DWP: Making a real difference to the lives of people, every day
Industry
Public Sector
Challenge
For Fay Cooper and her team, understanding the voice of the user is "our nirvana." But when your products need to work for every age and demographic, that understanding comes at a cost—regular surveys, researchers scouring the country, and mounting time pressure. Scaling that research was proving nearly impossible.
Results
Wordnerds analysis of 300,000 tweets revealed what surveys missed, overwhelming stress and anxiety among users. The findings shocked policymakers into action, enabling the team to pinpoint specific areas for intensive research and service improvement.
"Our initial analysis shocked our stakeholders: amongst the 300,000 tweets, the overwhelming sentiment was one of stress and anxiety. This made our policy team pay attention, we've got a real problem to solve."
Fay Cooper
Lead Product Manager
"Understanding the voice of the user is our nirvana. It's a real challenge - our products need to work for users of every age and every demographic."
Fay Cooper
Lead Product Manager
"Wordnerds helps us design products users want to use."
Fay Cooper
Lead Product Manager
About Department for Work and Pensions
The Department for Work and Pensions is the UK's largest public service department, responsible for welfare, pensions, and child maintenance policy, administering around £212 billion in payments annually and serving approximately 20 million people nationwide.
The Challenge
The Department for Work and Pensions is the UK's biggest public service department, and DWP Digital transforms the digital services used by millions of people every day. Fay Cooper, Lead Product Manager for DWP Digital, supports product strategy across all lines of business, including setting customer insight strategies and enabling the development of common software capabilities.
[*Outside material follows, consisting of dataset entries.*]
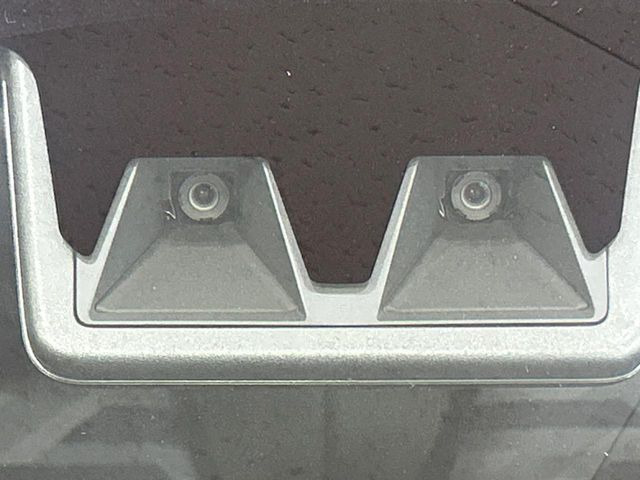 �y�X�}�[�g�A�V�X�g�z���s���ɑO���̎ԗ�����F�����A�Փ˂������Ȏ��͌x��ƃu���[�L�ŏՓˉ���Ɣ�Q�y�����A�V�X�g�B�����S�Ƀh���C�u�����y���݂��������܂��B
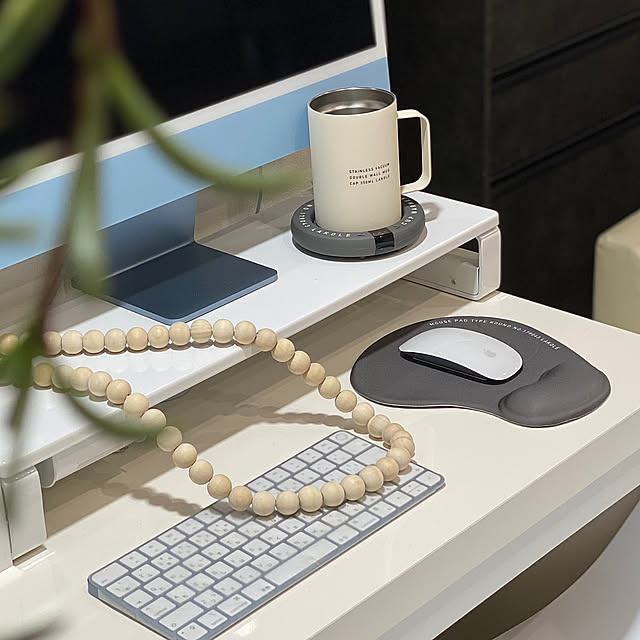 My Desk,パソコンデスク,ラコレハウス,癒し,プチプラ,RCの出会いに感謝♥︎,シンプルインテリア,グリーンのある暮らし,いいね&フォローありがとうございます♡,すっきり暮らす,心地よい暮らし,暮らしを整える,LAKOLE,何気ない日常に感謝❁⃘*.ﾟ,いつも見てくださって…感謝です♡,タイムライン後ほどまわらせてもらいます♬,タイムライン見れてなくてすいません∘∘∘,植物のある暮らし Lime..の部屋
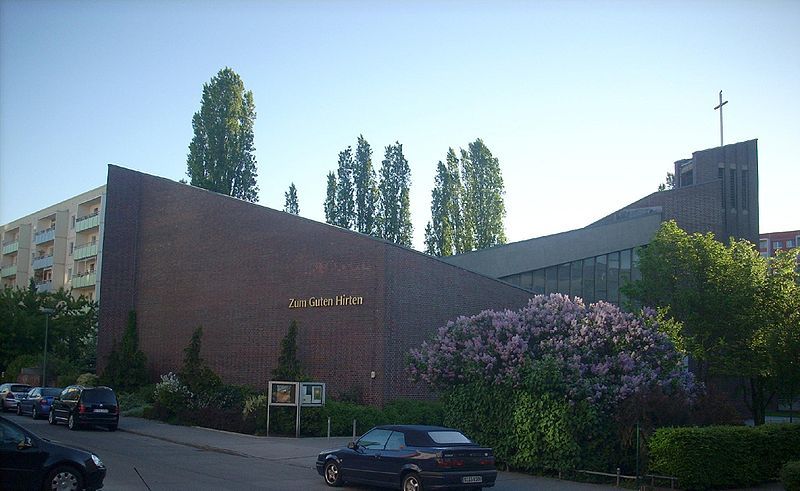 File:Berlin-Friedrichsfelde KathKirche.jpg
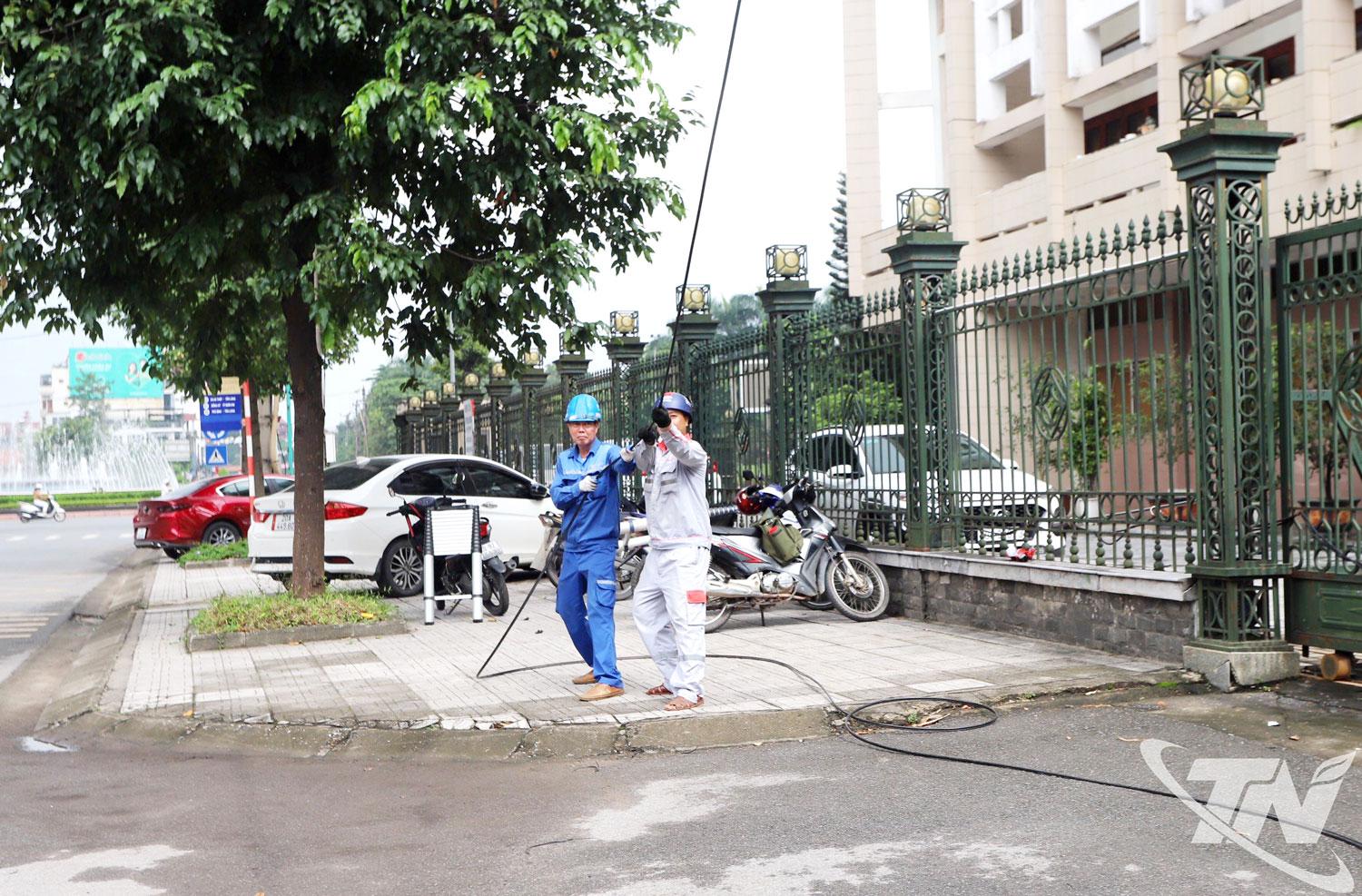 Doanh nghiệp viễn thông phát triển thuê bao băng rộng cố định FTTH tới các hộ gia đình trên địa bàn tỉnh.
As the voice of the customer, Fay brings together insights from across all channels and from user research to test hypotheses and guide product strategy with the end goal of transforming the way people work and live.
But there's a fundamental challenge: "Understanding the voice of the user is our nirvana. It's a real challenge—our products need to work for users of every age and every demographic."
In government, product development starts with user needs. Understanding those needs is both time-intensive and costly, relying upon regular surveys or dedicated user researchers who scour the country engaging as many users as possible. For products serving millions across every demographic, scaling that research was proving nearly impossible.
The Solution
When DWP Digital met Wordnerds, they saw the potential to scale their research and user insights. The partnership would prove game-changing.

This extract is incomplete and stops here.